The four parts of the Kingdom—Aruba, Curaçao, the Netherlands and Sint Maarten—are constituent countries (landen in Dutch; singular: land) and participate on a basis of equality as partners in the Kingdom. In practice, however, most of the Kingdom's affairs are administered by the Netherlands—which comprises roughly 98% of the Kingdom's land area and population—on behalf of the entire Kingdom. Consequently, Aruba, Curaçao and Sint Maarten are dependent on the Netherlands for matters like foreign policy and defence, but are autonomous to a certain degree, with their own parliaments.

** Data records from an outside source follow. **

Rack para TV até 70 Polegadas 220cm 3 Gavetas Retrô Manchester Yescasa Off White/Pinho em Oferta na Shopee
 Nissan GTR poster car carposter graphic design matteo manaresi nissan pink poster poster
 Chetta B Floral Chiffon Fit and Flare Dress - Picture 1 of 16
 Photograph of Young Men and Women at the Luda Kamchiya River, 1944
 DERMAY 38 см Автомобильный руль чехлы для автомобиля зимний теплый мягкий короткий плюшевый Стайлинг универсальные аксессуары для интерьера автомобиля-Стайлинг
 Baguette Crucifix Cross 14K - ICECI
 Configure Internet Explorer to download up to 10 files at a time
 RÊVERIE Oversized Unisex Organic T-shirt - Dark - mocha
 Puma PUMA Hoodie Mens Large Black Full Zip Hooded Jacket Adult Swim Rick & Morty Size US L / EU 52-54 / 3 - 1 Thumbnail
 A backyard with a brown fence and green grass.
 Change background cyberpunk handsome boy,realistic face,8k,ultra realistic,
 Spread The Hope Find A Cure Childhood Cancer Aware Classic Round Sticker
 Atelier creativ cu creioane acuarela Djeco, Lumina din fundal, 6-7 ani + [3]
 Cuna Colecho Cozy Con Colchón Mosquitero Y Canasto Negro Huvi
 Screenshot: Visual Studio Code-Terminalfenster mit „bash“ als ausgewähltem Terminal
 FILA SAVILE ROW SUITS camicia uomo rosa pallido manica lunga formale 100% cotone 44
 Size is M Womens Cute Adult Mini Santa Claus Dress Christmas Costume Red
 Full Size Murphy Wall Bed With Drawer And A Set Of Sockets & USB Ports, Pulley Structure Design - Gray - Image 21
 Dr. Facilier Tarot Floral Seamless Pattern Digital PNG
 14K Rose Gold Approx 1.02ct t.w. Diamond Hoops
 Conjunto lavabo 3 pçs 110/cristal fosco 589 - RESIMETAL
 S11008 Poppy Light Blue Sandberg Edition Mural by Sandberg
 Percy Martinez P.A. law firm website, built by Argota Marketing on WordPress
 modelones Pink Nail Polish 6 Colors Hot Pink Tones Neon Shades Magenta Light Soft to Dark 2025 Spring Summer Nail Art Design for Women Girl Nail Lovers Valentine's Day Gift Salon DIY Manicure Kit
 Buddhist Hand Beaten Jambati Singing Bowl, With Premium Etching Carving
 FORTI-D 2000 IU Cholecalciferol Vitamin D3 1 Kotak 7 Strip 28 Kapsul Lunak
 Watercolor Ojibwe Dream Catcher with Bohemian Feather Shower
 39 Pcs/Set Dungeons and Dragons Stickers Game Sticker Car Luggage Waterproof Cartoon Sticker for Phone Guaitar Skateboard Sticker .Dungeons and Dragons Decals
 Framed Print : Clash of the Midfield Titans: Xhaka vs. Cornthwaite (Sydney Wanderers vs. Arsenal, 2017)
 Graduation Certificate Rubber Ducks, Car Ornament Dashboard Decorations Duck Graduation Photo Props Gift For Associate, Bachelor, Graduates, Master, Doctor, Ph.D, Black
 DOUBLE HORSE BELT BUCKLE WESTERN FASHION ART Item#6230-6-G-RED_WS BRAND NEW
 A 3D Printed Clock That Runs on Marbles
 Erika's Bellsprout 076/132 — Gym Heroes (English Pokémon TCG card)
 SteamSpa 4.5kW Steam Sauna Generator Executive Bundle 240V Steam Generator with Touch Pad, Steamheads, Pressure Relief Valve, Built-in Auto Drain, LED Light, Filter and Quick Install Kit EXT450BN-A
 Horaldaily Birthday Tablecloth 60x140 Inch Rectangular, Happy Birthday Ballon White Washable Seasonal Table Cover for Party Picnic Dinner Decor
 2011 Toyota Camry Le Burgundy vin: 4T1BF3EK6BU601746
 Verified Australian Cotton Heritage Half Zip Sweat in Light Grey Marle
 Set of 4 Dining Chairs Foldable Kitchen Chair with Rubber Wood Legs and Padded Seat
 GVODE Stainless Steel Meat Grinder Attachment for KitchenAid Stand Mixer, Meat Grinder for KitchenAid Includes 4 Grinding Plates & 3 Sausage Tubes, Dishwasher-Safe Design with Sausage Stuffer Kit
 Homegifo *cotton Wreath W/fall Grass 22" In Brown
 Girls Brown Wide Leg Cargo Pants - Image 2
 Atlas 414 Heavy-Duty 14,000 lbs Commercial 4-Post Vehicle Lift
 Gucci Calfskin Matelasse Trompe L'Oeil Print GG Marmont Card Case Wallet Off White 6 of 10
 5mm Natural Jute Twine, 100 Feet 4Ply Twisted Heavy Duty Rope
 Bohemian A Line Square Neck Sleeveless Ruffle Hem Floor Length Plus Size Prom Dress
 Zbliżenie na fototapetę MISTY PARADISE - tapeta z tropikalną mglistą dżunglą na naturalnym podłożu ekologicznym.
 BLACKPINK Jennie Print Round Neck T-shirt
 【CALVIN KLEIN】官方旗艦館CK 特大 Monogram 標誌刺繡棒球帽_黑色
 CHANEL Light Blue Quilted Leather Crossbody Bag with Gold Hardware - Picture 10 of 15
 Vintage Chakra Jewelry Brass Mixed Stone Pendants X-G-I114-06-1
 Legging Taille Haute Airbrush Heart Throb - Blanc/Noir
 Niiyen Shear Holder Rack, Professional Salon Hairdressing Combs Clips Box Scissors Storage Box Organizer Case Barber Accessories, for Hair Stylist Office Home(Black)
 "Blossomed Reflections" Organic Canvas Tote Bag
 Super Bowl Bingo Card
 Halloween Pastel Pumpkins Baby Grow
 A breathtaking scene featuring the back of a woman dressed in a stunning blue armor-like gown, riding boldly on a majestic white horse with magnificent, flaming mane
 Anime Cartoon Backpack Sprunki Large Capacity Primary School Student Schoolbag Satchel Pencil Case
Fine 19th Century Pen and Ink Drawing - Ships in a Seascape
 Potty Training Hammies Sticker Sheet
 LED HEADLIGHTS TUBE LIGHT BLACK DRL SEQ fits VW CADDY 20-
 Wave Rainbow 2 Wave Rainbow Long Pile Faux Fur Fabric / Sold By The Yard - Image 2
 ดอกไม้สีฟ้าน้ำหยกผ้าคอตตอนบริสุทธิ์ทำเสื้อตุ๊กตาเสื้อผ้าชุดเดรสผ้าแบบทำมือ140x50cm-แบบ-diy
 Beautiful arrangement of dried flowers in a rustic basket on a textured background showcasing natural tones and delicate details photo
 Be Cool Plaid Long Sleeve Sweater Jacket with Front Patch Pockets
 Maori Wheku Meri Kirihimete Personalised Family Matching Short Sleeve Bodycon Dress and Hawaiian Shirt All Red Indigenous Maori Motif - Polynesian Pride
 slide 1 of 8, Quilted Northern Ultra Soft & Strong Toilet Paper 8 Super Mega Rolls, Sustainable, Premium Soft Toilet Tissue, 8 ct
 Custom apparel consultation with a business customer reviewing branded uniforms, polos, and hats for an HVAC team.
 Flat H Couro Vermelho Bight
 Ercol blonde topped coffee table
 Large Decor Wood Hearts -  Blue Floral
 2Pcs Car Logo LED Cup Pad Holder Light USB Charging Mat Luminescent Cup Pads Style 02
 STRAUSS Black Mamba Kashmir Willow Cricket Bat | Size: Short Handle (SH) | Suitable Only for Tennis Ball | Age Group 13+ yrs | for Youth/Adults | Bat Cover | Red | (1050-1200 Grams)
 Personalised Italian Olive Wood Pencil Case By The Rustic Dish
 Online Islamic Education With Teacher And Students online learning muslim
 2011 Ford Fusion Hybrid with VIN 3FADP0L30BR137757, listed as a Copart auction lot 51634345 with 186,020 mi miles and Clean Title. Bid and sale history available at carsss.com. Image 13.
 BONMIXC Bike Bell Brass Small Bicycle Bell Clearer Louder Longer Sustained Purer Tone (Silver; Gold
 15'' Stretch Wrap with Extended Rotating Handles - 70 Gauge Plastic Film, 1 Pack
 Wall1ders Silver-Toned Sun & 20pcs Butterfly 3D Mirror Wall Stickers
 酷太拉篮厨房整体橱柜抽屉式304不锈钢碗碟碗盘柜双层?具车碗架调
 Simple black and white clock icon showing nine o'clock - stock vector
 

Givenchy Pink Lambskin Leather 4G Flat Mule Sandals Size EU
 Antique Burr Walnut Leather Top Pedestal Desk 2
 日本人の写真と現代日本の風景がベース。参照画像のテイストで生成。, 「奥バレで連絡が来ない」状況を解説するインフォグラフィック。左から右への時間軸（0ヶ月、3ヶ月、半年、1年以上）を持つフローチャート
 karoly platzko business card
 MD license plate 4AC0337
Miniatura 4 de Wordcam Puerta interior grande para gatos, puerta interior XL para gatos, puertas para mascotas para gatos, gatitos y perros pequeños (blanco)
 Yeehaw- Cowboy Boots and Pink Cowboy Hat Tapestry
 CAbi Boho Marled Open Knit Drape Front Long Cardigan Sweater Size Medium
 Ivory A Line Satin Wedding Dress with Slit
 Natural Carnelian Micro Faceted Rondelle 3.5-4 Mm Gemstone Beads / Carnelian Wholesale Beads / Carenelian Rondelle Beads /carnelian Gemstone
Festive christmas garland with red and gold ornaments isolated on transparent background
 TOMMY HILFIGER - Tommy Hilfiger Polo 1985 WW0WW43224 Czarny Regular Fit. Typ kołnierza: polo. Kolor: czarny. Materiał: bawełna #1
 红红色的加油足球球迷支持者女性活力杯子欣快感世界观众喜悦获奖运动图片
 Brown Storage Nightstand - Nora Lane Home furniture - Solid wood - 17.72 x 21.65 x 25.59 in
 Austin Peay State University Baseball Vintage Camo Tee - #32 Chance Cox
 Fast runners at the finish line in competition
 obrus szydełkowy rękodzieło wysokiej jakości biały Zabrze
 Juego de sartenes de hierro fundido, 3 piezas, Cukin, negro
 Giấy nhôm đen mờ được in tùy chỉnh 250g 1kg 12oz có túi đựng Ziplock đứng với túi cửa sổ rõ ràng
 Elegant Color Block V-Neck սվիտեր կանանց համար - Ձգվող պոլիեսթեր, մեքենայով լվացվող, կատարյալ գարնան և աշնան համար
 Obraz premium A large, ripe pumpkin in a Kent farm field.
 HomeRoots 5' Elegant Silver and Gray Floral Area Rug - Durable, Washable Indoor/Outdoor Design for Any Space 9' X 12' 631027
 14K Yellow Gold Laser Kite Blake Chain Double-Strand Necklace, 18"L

The vast majority of land area of the constituent country of the Netherlands is in Europe, while its three special municipalities (Bonaire, Sint Eustatius and Saba) are located in the Caribbean, as are the other three constituent countries. The kingdom has a population of 17,737,438 .

History 

The Kingdom of the Netherlands originated in the aftermath of French Emperor Napoleon I's defeat in 1815. In that year the Netherlands regained its independence from France under its First French Empire, which had annexed its northern neighbour in 1810, as the Sovereign Principality of the United Netherlands. The great powers of Europe, united against Napoleonic France, had decided in the secret treaty of the London Protocol to establish a single state in the territories that were previously the Dutch Republic/Batavian Republic/Kingdom of Holland, the Austrian Netherlands and the Prince-Bishopric of Liège, awarding rule over this to William, Prince of Orange and Nassau, although the southern territories remained under Prussian (German) rule until Napoleon's return from his first exile on Elba ("Hundred Days").

In March 1815, amidst the turmoil of the Hundred Days, the Sovereign Prince William of Orange and Nassau adopted the style of "King of the Netherlands". Following Napoleon's second defeat at the Battle of Waterloo in June 1815, the Vienna Congress supplied international recognition of William's unilateral move. The new King of the Netherlands was also made Grand Duke of Luxembourg, a part of the Kingdom that was, at the same time, a member state of the German Confederation.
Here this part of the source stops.